**Work required:** Set down each line from the start of the material exactly, please, up to and including the one that contains "United Rentals".

*** Stored data ***

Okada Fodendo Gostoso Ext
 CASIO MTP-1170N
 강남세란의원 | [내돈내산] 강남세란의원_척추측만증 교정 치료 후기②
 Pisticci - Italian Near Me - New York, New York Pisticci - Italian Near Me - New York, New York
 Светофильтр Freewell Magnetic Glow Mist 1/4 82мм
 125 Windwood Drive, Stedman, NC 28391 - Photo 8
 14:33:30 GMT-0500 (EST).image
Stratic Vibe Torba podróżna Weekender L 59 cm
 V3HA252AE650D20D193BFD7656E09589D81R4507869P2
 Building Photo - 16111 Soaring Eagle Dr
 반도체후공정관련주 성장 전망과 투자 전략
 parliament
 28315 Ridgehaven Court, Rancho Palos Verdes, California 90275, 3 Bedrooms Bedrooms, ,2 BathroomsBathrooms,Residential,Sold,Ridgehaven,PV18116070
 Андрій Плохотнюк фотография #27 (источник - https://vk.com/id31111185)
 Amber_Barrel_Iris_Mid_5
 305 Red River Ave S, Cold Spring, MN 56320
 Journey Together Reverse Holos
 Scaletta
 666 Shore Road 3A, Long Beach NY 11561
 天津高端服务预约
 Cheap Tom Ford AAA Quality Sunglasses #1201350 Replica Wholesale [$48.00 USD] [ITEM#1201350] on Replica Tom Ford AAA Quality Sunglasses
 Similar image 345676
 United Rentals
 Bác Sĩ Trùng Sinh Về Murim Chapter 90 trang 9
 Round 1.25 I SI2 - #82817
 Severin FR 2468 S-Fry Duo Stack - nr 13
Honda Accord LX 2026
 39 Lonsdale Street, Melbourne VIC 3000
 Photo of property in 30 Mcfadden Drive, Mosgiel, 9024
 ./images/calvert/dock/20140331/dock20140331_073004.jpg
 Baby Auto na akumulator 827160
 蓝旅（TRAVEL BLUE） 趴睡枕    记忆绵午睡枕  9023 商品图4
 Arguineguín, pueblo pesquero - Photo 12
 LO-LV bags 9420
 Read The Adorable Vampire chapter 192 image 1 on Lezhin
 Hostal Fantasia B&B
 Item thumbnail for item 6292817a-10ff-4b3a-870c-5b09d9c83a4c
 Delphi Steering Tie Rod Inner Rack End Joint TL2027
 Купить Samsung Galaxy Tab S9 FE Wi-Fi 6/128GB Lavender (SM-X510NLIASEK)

*** End of Stored data ***

**Task answer:**
Okada Fodendo Gostoso Ext
 CASIO MTP-1170N
 강남세란의원 | [내돈내산] 강남세란의원_척추측만증 교정 치료 후기②
 Pisticci - Italian Near Me - New York, New York Pisticci - Italian Near Me - New York, New York
 Светофильтр Freewell Magnetic Glow Mist 1/4 82мм
 125 Windwood Drive, Stedman, NC 28391 - Photo 8
 14:33:30 GMT-0500 (EST).image
Stratic Vibe Torba podróżna Weekender L 59 cm
 V3HA252AE650D20D193BFD7656E09589D81R4507869P2
 Building Photo - 16111 Soaring Eagle Dr
 반도체후공정관련주 성장 전망과 투자 전략
 parliament
 28315 Ridgehaven Court, Rancho Palos Verdes, California 90275, 3 Bedrooms Bedrooms, ,2 BathroomsBathrooms,Residential,Sold,Ridgehaven,PV18116070
 Андрій Плохотнюк фотография #27 (источник - https://vk.com/id31111185)
 Amber_Barrel_Iris_Mid_5
 305 Red River Ave S, Cold Spring, MN 56320
 Journey Together Reverse Holos
 Scaletta
 666 Shore Road 3A, Long Beach NY 11561
 天津高端服务预约
 Cheap Tom Ford AAA Quality Sunglasses #1201350 Replica Wholesale [$48.00 USD] [ITEM#1201350] on Replica Tom Ford AAA Quality Sunglasses
 Similar image 345676
 United Rentals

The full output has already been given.